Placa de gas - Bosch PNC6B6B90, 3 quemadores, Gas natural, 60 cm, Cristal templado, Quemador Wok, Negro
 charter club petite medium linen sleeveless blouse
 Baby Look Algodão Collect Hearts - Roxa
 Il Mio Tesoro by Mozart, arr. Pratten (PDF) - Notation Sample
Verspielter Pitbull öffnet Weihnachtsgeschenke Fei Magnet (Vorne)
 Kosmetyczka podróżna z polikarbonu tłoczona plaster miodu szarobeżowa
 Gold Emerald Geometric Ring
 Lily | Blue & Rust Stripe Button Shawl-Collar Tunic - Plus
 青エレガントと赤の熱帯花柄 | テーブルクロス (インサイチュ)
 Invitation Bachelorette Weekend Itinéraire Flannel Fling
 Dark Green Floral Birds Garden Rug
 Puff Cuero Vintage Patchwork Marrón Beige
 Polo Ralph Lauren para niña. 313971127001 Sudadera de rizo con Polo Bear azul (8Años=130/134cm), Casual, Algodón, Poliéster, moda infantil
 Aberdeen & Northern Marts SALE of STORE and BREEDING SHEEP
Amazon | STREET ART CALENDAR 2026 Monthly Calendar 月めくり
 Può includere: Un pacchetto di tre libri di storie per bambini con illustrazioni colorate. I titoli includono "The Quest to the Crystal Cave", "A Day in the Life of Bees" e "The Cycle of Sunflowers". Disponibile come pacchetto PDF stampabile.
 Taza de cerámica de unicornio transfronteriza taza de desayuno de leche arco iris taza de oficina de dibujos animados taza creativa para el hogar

- - - - -

» **ACTIVITY**
Transcribe each record shown above, exactly.

» **TASK RESPONSE**
Placa de gas - Bosch PNC6B6B90, 3 quemadores, Gas natural, 60 cm, Cristal templado, Quemador Wok, Negro
 charter club petite medium linen sleeveless blouse
 Baby Look Algodão Collect Hearts - Roxa
 Il Mio Tesoro by Mozart, arr. Pratten (PDF) - Notation Sample
Verspielter Pitbull öffnet Weihnachtsgeschenke Fei Magnet (Vorne)
 Kosmetyczka podróżna z polikarbonu tłoczona plaster miodu szarobeżowa
 Gold Emerald Geometric Ring
 Lily | Blue & Rust Stripe Button Shawl-Collar Tunic - Plus
 青エレガントと赤の熱帯花柄 | テーブルクロス (インサイチュ)
 Invitation Bachelorette Weekend Itinéraire Flannel Fling
 Dark Green Floral Birds Garden Rug
 Puff Cuero Vintage Patchwork Marrón Beige
 Polo Ralph Lauren para niña. 313971127001 Sudadera de rizo con Polo Bear azul (8Años=130/134cm), Casual, Algodón, Poliéster, moda infantil
 Aberdeen & Northern Marts SALE of STORE and BREEDING SHEEP
Amazon | STREET ART CALENDAR 2026 Monthly Calendar 月めくり
 Può includere: Un pacchetto di tre libri di storie per bambini con illustrazioni colorate. I titoli includono "The Quest to the Crystal Cave", "A Day in the Life of Bees" e "The Cycle of Sunflowers". Disponibile come pacchetto PDF stampabile.
 Taza de cerámica de unicornio transfronteriza taza de desayuno de leche arco iris taza de oficina de dibujos animados taza creativa para el hogar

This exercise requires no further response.